In December 1995, the court issued a decision denying MEI's motion to reconsider its penalty determination and awarded plaintiffs $524, 899.09 in attorneys fees and expenses. MEI now appeals the judgment of the district court, including its standing decision, in light of the district court's conclusions in MEI II that the discharge violations visited no harm on the Wickecheoke Creek.


A. The Law of the Case

Before we consider the merits of MEI's argument, wefirst must contend with PIRG's argument that, because an appellate court affirmed the district court's initial decision in MEI I, the law of the case precludes our reconsideration of the issue of standing. The law of the case doctrine directs courts to refrain from re-deciding issues that were resolved earlier in the litigation. The doctrine applies"as much to the decisions of a coordinate court in the same case as to a court's own decisions." Christianson v. Colt Industries Operating Corp., 486 U.S. 800, 816, 108 S.Ct. 2166, 2177 (1988). Because it prevents courts from entertaining endless appeals on the same issue, the doctrine promotes finality and judicial economy. "Law of the case rules have developed to maintain consistency and avoid reconsideration of matters once decided during the course of a single continuing lawsuit." 18 Charles A. Wright, Arthur R. Miller, Edward Cooper, Federal Practice and Procedure Section(s) 4478 at 788 (1981).

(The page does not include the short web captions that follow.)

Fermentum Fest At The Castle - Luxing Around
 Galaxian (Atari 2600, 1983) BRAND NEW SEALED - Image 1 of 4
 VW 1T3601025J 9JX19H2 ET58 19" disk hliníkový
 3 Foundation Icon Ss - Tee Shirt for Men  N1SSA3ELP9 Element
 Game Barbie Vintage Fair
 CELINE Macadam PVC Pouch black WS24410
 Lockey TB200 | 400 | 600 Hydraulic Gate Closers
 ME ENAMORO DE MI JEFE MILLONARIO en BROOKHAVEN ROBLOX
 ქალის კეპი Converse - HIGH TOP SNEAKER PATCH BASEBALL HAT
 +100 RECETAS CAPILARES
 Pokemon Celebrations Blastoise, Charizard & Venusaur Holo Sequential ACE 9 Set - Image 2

The law of the case doctrine does not limit a federal court's power; rather, it directs its exercise of discretion. See Arizona v. California, 460 U.S. 605, 619, 103 S.Ct. 1382, 1391 (1983); Messinger v. Anderson, 225 U.S. 436, 444, 32 S.Ct. 739, 740 (1912). The Supreme Court has elaborated on the scope and nature of this discretion:

A court has the power to revisit prior decisions of its own or of a coordinate court in any circumstance, although as a rule courts should be loathe to do so in the absence of extraordinary circumstances such as where the initial decision was `clearly erroneous and would work a manifest injustice.'

Christianson, 486 U.S. at 817, 108 S.Ct. at 2178 (citation omitted). This Circuit has recognized several "extraordinary circumstances" that warrant a court's reconsideration of an issue decided earlier in the course of litigation. They include situations in which: (1) new evidence is available; (2) a supervening new law has been announced; or (3) the earlier decision was clearly erroneous and would create manifest injustice. See Bridge v. U.S. Parole ...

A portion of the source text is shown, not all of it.